** Opening Dataset excerpts block **

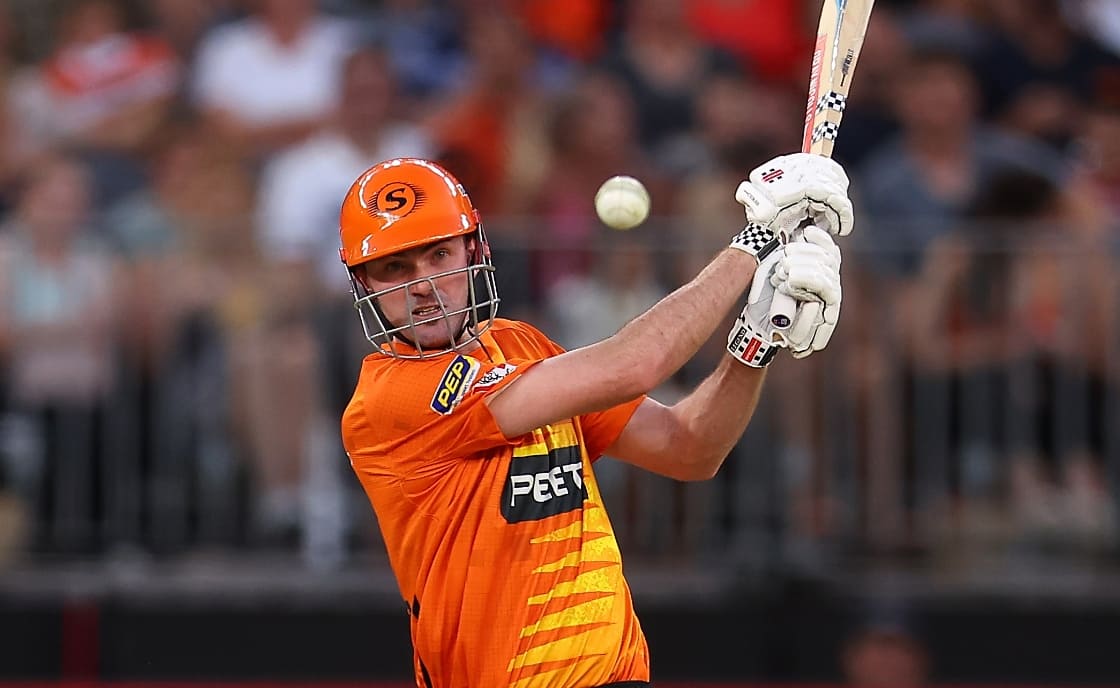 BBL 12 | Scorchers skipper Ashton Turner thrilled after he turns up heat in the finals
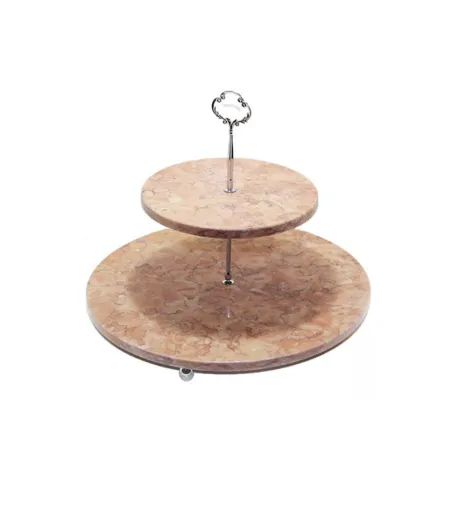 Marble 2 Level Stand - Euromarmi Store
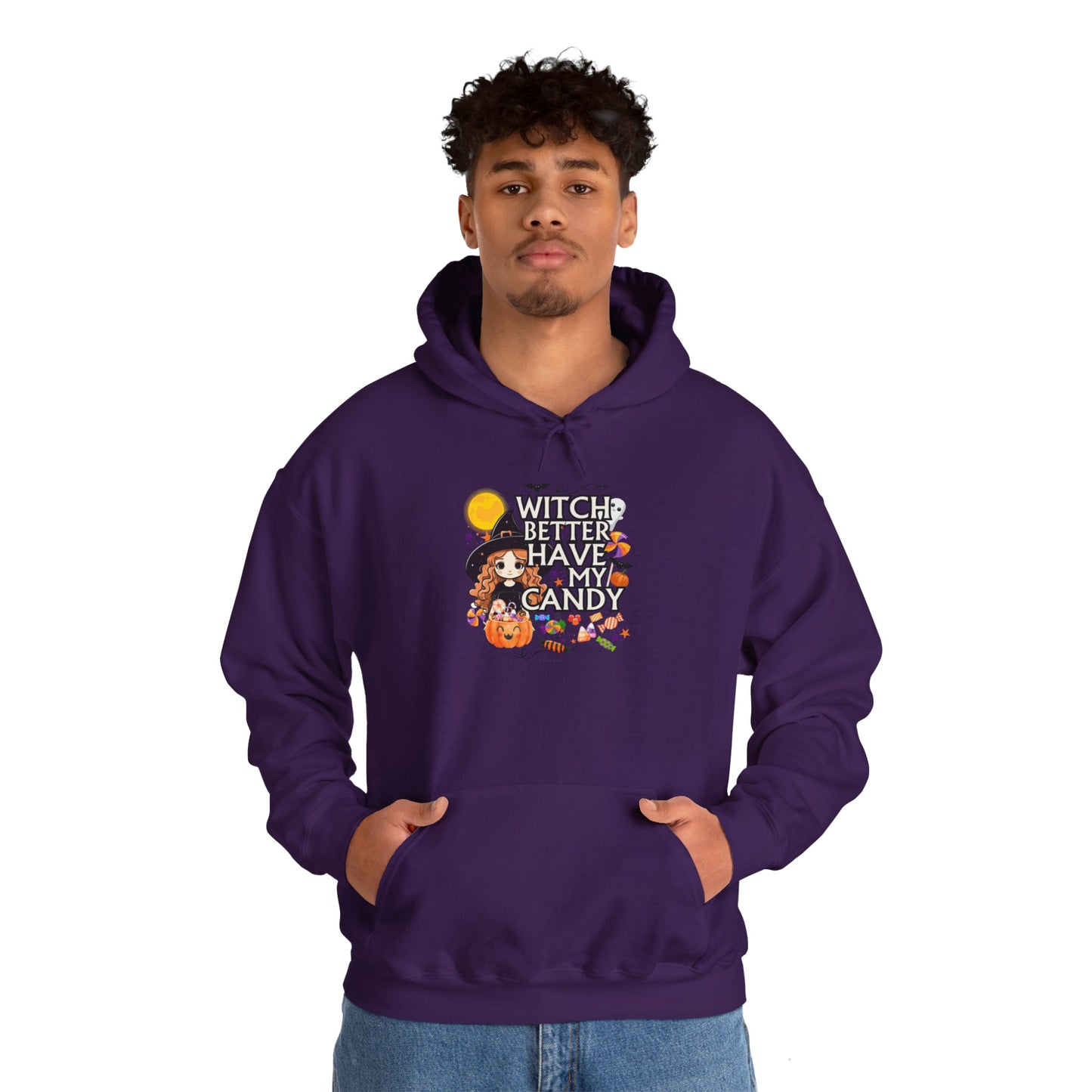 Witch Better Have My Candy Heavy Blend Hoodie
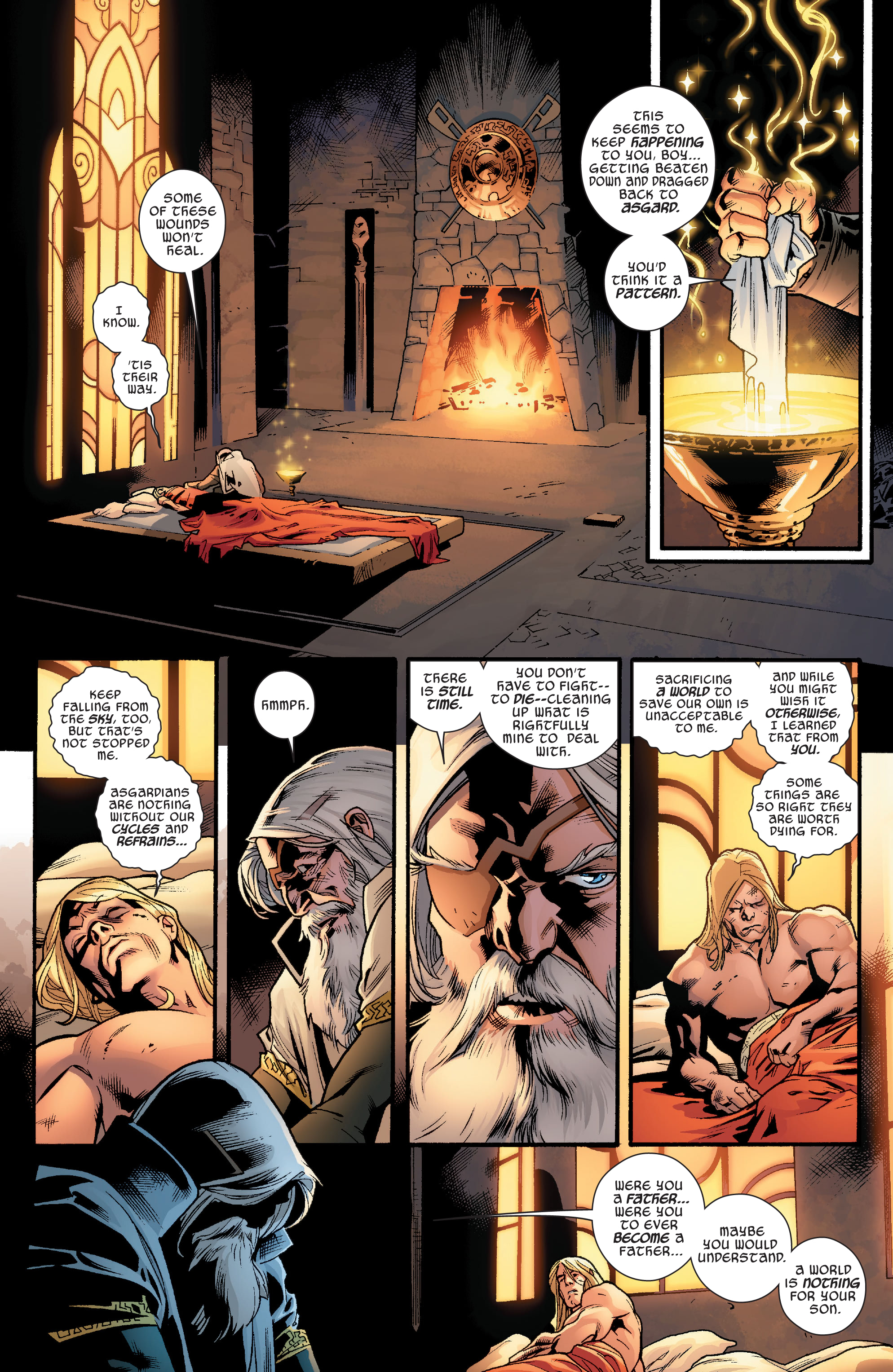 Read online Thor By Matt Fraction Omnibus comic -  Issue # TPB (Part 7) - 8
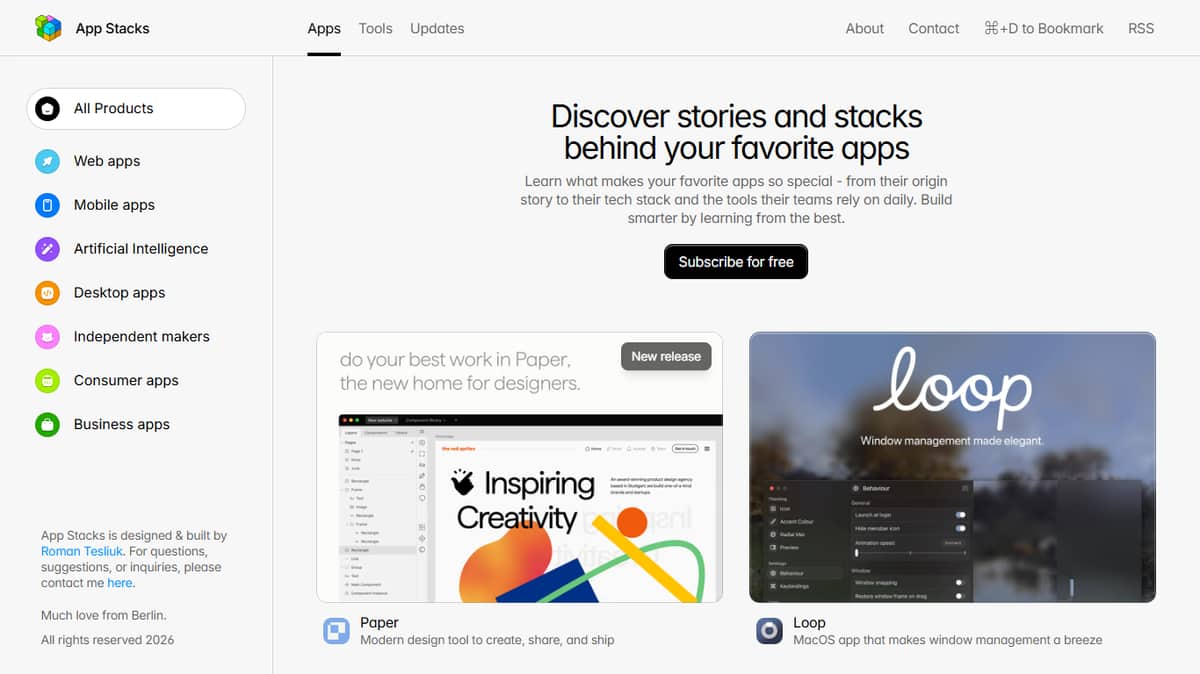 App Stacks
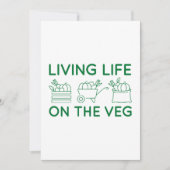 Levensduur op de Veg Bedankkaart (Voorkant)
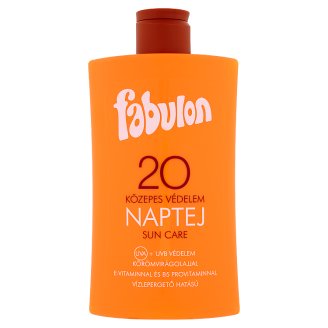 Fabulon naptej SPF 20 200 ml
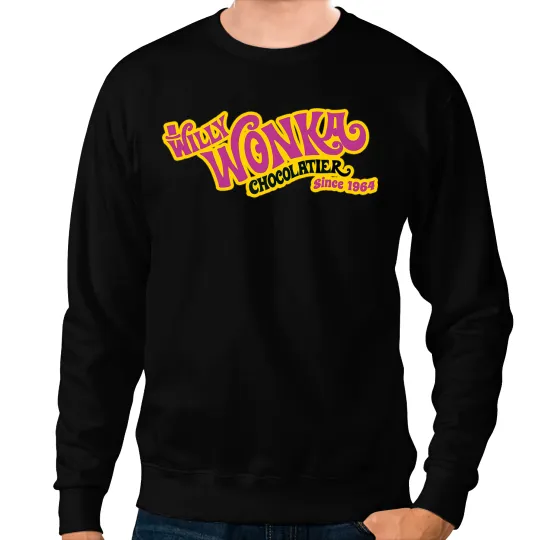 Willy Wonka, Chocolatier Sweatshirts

** Closing Dataset excerpts block **

• _What needs to be done_
Transcribe the listing word for word, but keep its pictures out of the copy.

• _Answer to the exercise_
 BBL 12 | Scorchers skipper Ashton Turner thrilled after he turns up heat in the finals
 Marble 2 Level Stand - Euromarmi Store
 Witch Better Have My Candy Heavy Blend Hoodie
 Read online Thor By Matt Fraction Omnibus comic -  Issue # TPB (Part 7) - 8
 App Stacks
 Levensduur op de Veg Bedankkaart (Voorkant)
 Fabulon naptej SPF 20 200 ml
 Willy Wonka, Chocolatier Sweatshirts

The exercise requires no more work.